Heath presented the bill, and both Mullis (the Chairman of Rules) and Cowsert pushed back, citing the recently created Senate Study Committee on Legislative Process, SR 842.






HB 770 also had a hearing.  It is meant to increase protections for developmentally disabled people and close a loophole around child sex trafficking.


It is still in State Rep. Ed Setzler’s (R-Acworth) subcommittee over concerns the language does not do what it’s intended to do.


Setzler’s HB 845, a law to make people are “immune from criminal liability” for having otherwise illegal pornography, including child pornography, if it is for the purpose of “reporting such violation.”  It passed out of his subcommittee.




HB 781, making citizenship a requirement to serve on volunteer advisory boards, sponsored by State Rep. Brad Raffensperger (R-Johns Creek) finally got its hearing; and a substitute passed out of committee.




Democrats are pushing back on the upcoming Opportunity School District referendum.


SR 828 has been introduced by State Sen. Vincent Fort (D-Atlanta), with support of House and Senate Democrats at a press conference, to change language of the constitutional amendment that will go before voters this fall.

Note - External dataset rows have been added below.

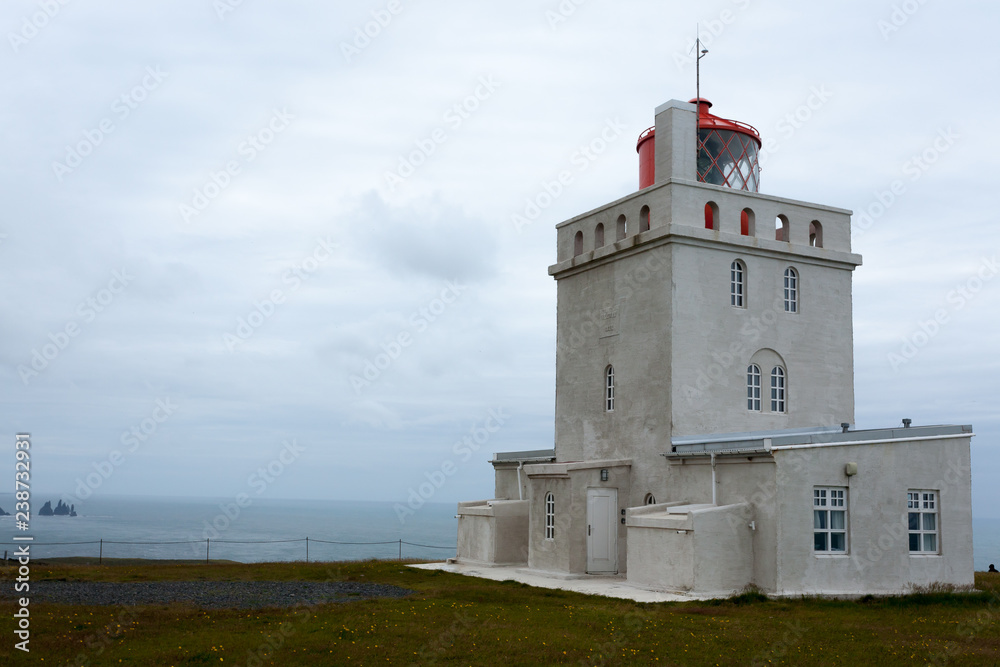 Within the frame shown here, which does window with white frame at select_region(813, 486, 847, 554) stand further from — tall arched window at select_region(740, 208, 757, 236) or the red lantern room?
the red lantern room

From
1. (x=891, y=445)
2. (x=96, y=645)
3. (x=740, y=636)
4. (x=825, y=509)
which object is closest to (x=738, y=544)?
(x=825, y=509)

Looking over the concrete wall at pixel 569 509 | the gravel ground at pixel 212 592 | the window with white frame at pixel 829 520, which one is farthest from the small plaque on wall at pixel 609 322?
the gravel ground at pixel 212 592

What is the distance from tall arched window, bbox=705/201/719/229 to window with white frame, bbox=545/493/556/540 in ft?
26.8

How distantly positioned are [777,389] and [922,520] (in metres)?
4.80

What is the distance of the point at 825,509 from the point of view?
19172mm

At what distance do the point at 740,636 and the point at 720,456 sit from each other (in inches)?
266

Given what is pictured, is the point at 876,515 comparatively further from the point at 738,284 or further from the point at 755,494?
the point at 738,284

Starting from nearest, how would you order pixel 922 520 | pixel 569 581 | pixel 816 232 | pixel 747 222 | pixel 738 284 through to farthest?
pixel 922 520 → pixel 569 581 → pixel 738 284 → pixel 747 222 → pixel 816 232

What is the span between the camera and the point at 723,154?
24828 millimetres

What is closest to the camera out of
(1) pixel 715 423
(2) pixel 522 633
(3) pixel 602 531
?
(2) pixel 522 633

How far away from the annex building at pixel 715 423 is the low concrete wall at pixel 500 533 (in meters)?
0.06

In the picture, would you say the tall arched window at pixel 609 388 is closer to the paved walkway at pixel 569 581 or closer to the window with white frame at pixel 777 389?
the window with white frame at pixel 777 389

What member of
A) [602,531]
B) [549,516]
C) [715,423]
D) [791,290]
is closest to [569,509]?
[602,531]

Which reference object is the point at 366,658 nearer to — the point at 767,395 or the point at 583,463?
the point at 583,463
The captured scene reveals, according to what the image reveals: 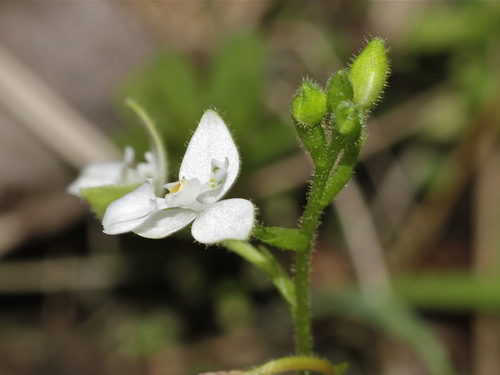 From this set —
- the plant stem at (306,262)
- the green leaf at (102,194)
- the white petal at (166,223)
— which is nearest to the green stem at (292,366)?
the plant stem at (306,262)

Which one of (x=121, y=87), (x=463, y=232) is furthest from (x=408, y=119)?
Result: (x=121, y=87)

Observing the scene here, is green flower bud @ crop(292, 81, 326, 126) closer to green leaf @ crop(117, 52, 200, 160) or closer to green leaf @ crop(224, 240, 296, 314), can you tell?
green leaf @ crop(224, 240, 296, 314)

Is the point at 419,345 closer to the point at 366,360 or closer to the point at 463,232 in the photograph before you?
the point at 366,360

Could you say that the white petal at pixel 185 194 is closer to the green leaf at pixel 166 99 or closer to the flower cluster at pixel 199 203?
the flower cluster at pixel 199 203

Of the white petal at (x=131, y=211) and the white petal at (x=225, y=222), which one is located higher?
the white petal at (x=131, y=211)

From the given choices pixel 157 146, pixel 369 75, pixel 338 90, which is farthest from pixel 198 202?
pixel 369 75

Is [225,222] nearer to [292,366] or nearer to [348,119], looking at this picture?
[348,119] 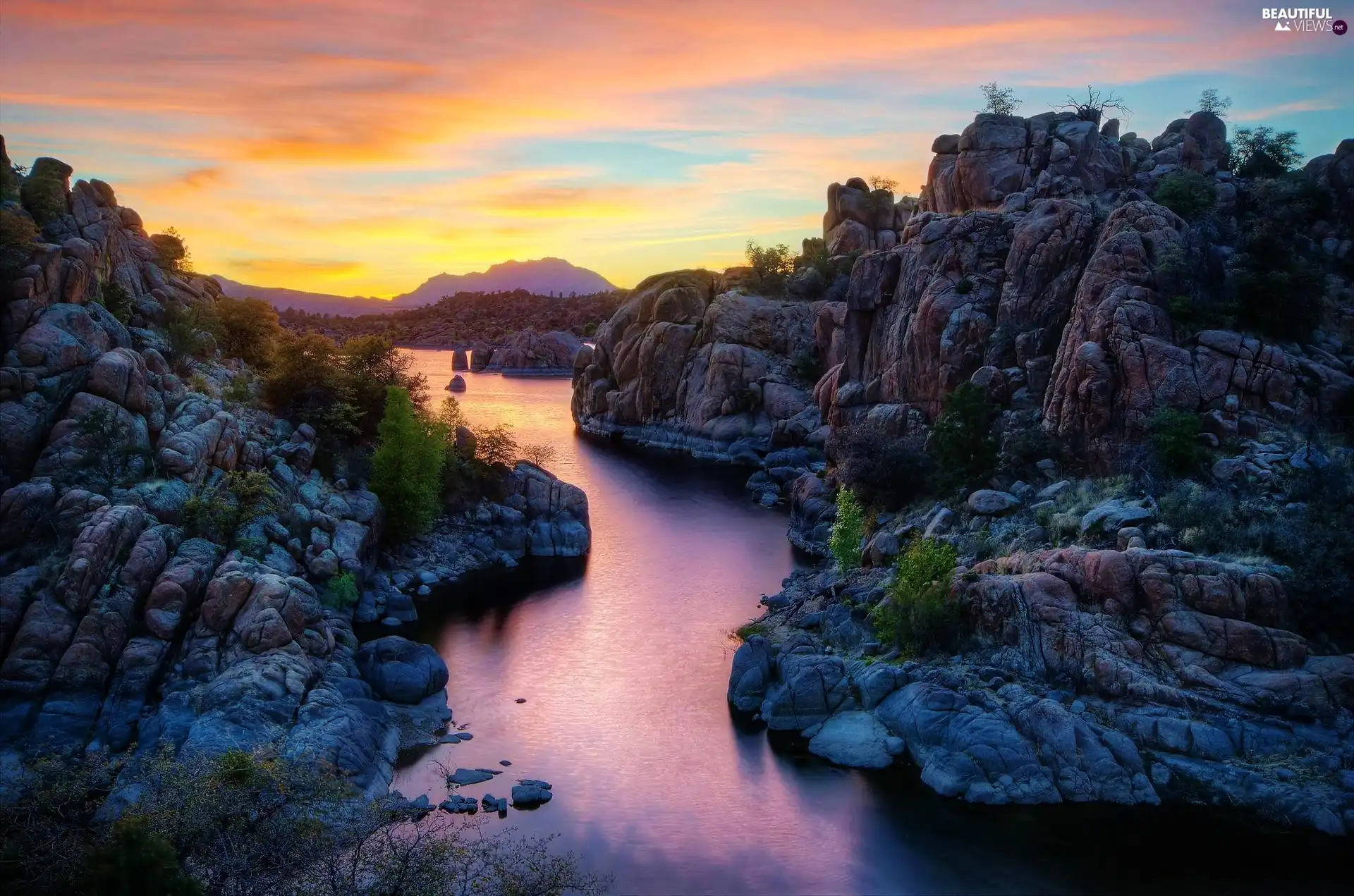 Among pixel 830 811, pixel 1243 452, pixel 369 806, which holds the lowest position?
pixel 830 811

Religious freedom for student athletes, HB 870, passed out of committee.  It threatens school funding for non-compliance.


HB 739 also passed out of committee; it makes state review of educational materials optional.


Legislative Session Day 16 (Thursday, Feb. 04, 2016)


HB 827, “Pursuing Justice for Rape Victims Act,” passed out of committee, with support from the GBI, advocacy groups, and hospitals.


HB 757, informally dubbed the Pastor Protection Act, passed out of subcommittee.  There are concerns about the scope being much broader than same-sex marriage, as language of bill includes “purposes which are objectionable”.


An amendment by State Rep. Stacey Evans (D-Smyrna), to limit the scope to marriage ceremonies, was withdrawn, with an apparent good faith promise to work on language and add it in full committee.